The oil price is even higher now than it was in 2007.
However, the company makes its investment decisions based on a long-term forecast that ignores short-term fluctuations in the oil price such as the recent run-up due to events in Libya, according to Mr Pederson.
He declined to tell the BBC what the long-term price forecast used was, and whether this was above or below the $75 threshold for the windfall tax promised by Mr Osborne.
Meanwhile two Scottish Liberal Democrat MPs rebelled against the coalition government's North Sea tax hike when it came up for a vote in the Commons on Tuesday night.
Malcolm Bruce and Sir Robert Smith - both of whom represent constituencies in Aberdeenshire, which hosts much of the Scottish North Sea oil industry - voted against the measure.
"It's easy to look at the bottom line and say that they can afford [the tax]," said Mr Bruce, speaking to BBC Radio Scotland.
"What is not acceptable is the sudden and abrupt change," he added, claiming the government had broken a promise not to change the tax regime it made to one firm when it decided to invest in the North Sea.

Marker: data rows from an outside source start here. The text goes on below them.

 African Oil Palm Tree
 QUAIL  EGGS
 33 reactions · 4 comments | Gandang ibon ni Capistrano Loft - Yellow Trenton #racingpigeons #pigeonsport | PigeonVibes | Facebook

But the government is "sitting down with oil companies on a field-by-field basis" to ensure that economically marginal investments are not pulled as a result of the tax decision, according to Scottish Conservative MP Mark Menzies.
The government won the vote by 334 to 13, with most Labour MPs abstaining, and only the Scottish National Party voting against as a bloc.
Malcolm Webb Oil and Gas UK chief executive“The lost trust will take a very long time to rebuild”
The SNP had no problem with oil and gas paying its proper share, according to MP Eilidh Whiteford, but the government needs to make sure it is not disincentivising companies that are sometimes making a risky investment decision.
Two Labour MPs, Anne Begg and Frank Doran - also from Aberdeen - opposed the measure.
Ms Begg accused the coalition government of having "plucked [the tax hike] out of thin air at the last minute" and said the consequences on the less profitable gas industry had not been thought through.
Malcolm Webb, head of the trade body Oil and Gas UK, called for emergency meetings over the £2bn windfall tax on the North Sea oil industry, announced in the chancellor's Budget last week.
"The move has made companies rethink their plans to step up investment in the next few years, jeopardising tens of thousands of jobs as well as indigenous oil and gas production which will likely lead to an increase in the import of these fuels," he said.
"The lost trust will take a very long time to rebuild. Meanwhile, the industry has called an emergency meeting of Pilot, the government-industry forum established to help maximise recovery from the UK continental shelf, and also with the Treasury."